:: Assigned task ::
An exact transcript of all the records is required, with nothing left out.
++++ Source information ++++
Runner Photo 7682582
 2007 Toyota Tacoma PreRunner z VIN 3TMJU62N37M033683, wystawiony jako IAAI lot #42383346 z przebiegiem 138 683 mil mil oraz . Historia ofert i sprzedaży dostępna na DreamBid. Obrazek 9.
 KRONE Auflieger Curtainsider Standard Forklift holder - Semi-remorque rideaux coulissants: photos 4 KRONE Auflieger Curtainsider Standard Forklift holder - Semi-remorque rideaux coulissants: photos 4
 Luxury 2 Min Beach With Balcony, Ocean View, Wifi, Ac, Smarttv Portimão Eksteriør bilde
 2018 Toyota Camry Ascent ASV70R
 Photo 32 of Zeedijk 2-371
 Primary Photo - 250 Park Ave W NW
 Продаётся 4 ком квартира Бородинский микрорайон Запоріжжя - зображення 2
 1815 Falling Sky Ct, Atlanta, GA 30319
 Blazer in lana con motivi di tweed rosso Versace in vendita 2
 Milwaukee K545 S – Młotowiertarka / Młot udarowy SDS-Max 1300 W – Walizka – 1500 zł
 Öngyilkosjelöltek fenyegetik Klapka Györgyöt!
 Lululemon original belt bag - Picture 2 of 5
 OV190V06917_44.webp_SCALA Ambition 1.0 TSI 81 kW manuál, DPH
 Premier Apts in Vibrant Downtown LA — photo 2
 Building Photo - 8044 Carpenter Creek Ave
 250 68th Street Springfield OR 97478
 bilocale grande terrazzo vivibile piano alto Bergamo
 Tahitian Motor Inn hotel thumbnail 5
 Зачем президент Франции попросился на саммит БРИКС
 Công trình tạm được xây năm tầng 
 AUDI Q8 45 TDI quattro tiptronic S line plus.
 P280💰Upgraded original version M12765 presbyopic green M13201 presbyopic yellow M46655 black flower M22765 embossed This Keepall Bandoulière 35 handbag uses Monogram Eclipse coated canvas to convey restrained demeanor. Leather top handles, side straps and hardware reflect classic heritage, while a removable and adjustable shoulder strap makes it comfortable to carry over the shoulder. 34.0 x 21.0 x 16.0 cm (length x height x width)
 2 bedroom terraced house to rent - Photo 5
++++
:: Finished exercise ::
Runner Photo 7682582
 2007 Toyota Tacoma PreRunner z VIN 3TMJU62N37M033683, wystawiony jako IAAI lot #42383346 z przebiegiem 138 683 mil mil oraz . Historia ofert i sprzedaży dostępna na DreamBid. Obrazek 9.
 KRONE Auflieger Curtainsider Standard Forklift holder - Semi-remorque rideaux coulissants: photos 4 KRONE Auflieger Curtainsider Standard Forklift holder - Semi-remorque rideaux coulissants: photos 4
 Luxury 2 Min Beach With Balcony, Ocean View, Wifi, Ac, Smarttv Portimão Eksteriør bilde
 2018 Toyota Camry Ascent ASV70R
 Photo 32 of Zeedijk 2-371
 Primary Photo - 250 Park Ave W NW
 Продаётся 4 ком квартира Бородинский микрорайон Запоріжжя - зображення 2
 1815 Falling Sky Ct, Atlanta, GA 30319
 Blazer in lana con motivi di tweed rosso Versace in vendita 2
 Milwaukee K545 S – Młotowiertarka / Młot udarowy SDS-Max 1300 W – Walizka – 1500 zł
 Öngyilkosjelöltek fenyegetik Klapka Györgyöt!
 Lululemon original belt bag - Picture 2 of 5
 OV190V06917_44.webp_SCALA Ambition 1.0 TSI 81 kW manuál, DPH
 Premier Apts in Vibrant Downtown LA — photo 2
 Building Photo - 8044 Carpenter Creek Ave
 250 68th Street Springfield OR 97478
 bilocale grande terrazzo vivibile piano alto Bergamo
 Tahitian Motor Inn hotel thumbnail 5
 Зачем президент Франции попросился на саммит БРИКС
 Công trình tạm được xây năm tầng 
 AUDI Q8 45 TDI quattro tiptronic S line plus.
 P280💰Upgraded original version M12765 presbyopic green M13201 presbyopic yellow M46655 black flower M22765 embossed This Keepall Bandoulière 35 handbag uses Monogram Eclipse coated canvas to convey restrained demeanor. Leather top handles, side straps and hardware reflect classic heritage, while a removable and adjustable shoulder strap makes it comfortable to carry over the shoulder. 34.0 x 21.0 x 16.0 cm (length x height x width)
 2 bedroom terraced house to rent - Photo 5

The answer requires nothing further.